## BRIEF
Whichever lines include the word "Step", copy them as they appear in the data.

####

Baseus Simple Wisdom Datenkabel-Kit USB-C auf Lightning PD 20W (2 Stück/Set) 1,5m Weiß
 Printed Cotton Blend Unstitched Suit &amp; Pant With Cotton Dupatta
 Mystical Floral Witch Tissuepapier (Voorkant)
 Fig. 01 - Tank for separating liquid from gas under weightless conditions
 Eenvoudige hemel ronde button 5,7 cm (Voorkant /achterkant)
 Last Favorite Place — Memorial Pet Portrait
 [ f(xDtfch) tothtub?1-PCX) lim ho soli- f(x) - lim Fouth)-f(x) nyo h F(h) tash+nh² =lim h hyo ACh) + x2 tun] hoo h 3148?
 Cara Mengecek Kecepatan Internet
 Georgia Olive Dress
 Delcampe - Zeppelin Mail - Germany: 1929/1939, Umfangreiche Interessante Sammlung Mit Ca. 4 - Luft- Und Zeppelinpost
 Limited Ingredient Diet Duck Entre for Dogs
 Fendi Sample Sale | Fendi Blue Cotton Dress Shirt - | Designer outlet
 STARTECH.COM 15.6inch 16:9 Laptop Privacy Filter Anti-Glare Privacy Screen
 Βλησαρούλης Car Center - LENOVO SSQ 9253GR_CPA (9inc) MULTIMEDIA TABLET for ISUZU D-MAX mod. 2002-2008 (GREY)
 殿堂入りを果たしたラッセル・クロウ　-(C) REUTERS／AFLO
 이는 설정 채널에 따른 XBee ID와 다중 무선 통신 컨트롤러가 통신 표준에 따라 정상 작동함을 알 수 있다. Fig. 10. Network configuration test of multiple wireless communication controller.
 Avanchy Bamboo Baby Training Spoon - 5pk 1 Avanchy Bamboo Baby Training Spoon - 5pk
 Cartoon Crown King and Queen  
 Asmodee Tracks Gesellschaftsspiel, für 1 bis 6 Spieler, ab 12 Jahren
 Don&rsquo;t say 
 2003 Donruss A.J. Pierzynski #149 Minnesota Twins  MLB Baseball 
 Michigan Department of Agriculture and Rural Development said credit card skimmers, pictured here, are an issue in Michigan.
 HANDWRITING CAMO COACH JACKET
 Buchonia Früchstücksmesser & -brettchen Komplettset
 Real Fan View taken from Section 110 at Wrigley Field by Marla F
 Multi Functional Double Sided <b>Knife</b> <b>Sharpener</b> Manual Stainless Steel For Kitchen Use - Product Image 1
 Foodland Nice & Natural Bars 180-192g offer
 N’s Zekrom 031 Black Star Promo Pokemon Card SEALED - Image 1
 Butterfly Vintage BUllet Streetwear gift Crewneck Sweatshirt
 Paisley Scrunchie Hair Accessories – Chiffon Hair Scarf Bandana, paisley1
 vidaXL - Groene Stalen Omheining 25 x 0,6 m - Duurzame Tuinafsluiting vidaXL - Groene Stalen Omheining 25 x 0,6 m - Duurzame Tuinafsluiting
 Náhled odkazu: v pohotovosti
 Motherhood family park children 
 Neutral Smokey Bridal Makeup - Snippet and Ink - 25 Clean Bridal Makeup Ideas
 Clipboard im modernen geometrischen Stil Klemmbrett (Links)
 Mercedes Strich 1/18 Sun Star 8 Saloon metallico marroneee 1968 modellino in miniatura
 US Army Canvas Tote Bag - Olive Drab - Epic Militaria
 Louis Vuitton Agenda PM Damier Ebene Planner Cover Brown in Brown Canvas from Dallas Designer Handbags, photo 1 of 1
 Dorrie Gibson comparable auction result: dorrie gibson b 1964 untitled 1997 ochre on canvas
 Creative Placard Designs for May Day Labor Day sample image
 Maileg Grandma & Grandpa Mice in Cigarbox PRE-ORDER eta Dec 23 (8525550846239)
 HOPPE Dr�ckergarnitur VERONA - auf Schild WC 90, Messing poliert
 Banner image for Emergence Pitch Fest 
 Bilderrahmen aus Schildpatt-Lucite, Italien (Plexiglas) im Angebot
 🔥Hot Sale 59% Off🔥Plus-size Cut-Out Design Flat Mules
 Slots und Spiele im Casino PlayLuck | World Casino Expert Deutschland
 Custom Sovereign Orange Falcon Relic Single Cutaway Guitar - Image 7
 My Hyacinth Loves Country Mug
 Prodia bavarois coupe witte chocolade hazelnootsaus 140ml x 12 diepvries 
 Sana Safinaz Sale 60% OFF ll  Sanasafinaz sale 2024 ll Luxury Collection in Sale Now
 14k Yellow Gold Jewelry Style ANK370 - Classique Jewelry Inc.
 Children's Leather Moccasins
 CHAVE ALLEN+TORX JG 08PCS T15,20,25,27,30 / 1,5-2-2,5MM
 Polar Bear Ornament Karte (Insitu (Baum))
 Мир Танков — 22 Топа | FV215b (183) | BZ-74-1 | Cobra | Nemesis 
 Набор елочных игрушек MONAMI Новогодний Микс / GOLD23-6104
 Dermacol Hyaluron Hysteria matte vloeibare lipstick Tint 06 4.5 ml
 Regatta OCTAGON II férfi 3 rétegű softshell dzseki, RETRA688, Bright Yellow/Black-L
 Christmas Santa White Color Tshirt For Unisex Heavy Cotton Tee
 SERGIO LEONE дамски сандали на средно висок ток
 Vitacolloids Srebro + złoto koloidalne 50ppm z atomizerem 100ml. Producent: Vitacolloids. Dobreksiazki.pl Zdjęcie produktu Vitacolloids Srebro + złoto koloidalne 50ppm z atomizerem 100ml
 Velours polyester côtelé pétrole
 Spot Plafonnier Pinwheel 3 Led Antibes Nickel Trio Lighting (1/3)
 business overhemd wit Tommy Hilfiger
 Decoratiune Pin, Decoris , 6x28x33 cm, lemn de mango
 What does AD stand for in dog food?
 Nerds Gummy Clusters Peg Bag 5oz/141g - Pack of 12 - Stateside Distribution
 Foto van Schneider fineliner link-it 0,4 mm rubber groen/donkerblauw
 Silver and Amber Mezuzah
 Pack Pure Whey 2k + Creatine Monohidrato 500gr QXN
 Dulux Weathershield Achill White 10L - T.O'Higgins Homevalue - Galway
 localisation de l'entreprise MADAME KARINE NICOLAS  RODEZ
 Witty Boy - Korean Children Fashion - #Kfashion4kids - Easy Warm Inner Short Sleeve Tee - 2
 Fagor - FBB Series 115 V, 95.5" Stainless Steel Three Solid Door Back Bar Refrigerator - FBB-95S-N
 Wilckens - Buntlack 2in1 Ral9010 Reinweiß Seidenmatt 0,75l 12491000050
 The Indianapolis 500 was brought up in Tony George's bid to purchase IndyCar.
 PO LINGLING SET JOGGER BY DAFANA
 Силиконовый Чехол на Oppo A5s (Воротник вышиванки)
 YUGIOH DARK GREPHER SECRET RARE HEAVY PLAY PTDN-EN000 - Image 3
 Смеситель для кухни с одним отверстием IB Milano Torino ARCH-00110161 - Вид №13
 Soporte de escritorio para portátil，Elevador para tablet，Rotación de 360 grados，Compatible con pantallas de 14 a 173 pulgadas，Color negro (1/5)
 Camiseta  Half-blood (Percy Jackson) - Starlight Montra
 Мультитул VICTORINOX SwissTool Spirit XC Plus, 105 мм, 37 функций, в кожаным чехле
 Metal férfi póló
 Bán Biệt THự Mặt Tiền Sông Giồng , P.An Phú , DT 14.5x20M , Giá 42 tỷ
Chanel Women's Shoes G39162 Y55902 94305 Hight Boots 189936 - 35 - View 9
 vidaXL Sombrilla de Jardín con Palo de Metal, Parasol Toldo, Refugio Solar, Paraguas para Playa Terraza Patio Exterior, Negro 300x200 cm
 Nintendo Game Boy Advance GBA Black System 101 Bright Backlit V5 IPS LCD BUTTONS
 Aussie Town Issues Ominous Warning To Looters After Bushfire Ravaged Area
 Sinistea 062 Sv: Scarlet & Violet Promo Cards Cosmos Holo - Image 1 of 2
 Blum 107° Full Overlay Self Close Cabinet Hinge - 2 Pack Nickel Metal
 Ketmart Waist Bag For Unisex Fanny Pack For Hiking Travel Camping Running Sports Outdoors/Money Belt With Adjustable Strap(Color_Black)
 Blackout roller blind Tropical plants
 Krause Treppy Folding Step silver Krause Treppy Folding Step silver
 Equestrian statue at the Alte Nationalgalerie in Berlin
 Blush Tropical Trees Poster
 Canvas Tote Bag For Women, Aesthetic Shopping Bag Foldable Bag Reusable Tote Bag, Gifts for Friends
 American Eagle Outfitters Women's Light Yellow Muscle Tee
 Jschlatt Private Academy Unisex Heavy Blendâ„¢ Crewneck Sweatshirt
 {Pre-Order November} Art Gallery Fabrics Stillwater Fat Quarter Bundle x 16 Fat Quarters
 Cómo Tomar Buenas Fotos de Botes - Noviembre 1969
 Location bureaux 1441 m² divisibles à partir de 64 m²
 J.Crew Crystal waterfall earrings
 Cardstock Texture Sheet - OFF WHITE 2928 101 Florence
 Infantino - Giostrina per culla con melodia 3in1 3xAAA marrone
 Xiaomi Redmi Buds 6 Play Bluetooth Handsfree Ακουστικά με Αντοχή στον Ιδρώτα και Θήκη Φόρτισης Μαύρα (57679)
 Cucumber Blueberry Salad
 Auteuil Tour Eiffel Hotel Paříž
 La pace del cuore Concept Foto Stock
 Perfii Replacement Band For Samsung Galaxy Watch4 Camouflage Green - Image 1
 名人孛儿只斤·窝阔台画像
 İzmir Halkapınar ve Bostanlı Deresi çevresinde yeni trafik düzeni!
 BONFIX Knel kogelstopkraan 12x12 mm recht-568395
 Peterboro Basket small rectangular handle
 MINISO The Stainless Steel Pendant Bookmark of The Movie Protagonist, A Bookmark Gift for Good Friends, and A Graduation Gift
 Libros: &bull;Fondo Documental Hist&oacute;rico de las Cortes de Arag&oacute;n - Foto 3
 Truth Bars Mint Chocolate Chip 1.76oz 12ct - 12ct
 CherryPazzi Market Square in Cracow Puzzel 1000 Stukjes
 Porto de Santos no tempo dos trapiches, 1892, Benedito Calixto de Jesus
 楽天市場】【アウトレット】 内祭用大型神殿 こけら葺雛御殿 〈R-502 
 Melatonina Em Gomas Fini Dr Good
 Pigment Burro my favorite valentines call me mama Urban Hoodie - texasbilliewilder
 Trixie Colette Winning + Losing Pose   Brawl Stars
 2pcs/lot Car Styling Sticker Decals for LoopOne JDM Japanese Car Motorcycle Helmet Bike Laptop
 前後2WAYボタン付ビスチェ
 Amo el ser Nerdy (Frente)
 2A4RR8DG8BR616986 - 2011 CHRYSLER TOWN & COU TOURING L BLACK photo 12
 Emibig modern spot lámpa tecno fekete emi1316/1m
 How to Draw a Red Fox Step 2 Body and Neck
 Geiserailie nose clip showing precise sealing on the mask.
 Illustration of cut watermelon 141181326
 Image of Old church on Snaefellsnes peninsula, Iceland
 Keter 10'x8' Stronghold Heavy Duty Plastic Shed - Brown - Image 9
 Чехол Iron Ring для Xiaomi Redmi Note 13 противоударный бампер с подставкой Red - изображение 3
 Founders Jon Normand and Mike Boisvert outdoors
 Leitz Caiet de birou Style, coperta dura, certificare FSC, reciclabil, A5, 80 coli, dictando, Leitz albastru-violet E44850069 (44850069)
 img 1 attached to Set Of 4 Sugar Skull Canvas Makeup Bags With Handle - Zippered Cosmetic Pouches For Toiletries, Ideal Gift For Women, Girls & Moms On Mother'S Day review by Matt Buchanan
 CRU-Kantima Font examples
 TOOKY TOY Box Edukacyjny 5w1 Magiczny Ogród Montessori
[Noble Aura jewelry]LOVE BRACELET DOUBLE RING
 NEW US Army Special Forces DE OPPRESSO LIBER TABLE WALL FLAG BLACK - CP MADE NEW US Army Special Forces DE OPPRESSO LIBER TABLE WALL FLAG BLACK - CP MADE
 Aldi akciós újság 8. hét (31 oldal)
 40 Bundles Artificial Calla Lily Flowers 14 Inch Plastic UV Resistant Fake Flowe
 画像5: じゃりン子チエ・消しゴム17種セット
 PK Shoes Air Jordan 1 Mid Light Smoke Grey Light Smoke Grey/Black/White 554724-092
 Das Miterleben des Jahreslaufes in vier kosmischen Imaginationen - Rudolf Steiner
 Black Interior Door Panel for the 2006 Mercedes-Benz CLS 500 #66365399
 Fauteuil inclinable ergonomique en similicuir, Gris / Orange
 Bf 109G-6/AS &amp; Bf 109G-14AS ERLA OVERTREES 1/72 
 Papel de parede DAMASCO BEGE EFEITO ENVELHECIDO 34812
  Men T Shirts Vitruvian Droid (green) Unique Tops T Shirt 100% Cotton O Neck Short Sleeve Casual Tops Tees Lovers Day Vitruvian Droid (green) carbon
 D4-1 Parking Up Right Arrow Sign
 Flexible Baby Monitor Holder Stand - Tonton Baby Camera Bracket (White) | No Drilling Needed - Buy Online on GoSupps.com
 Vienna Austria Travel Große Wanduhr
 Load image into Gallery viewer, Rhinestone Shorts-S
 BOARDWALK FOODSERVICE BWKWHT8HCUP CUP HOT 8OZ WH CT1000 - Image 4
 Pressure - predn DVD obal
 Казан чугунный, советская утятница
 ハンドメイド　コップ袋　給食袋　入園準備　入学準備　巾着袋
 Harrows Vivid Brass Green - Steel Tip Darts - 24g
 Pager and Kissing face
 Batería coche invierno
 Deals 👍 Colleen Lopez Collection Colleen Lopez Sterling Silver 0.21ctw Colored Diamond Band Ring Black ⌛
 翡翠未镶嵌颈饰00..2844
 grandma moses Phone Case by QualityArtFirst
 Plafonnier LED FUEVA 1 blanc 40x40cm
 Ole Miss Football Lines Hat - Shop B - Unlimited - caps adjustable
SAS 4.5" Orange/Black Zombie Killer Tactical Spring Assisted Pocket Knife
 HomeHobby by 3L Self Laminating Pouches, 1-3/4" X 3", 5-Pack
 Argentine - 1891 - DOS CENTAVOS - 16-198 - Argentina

####

## RESPONSE AREA
 Krause Treppy Folding Step silver Krause Treppy Folding Step silver
 How to Draw a Red Fox Step 2 Body and Neck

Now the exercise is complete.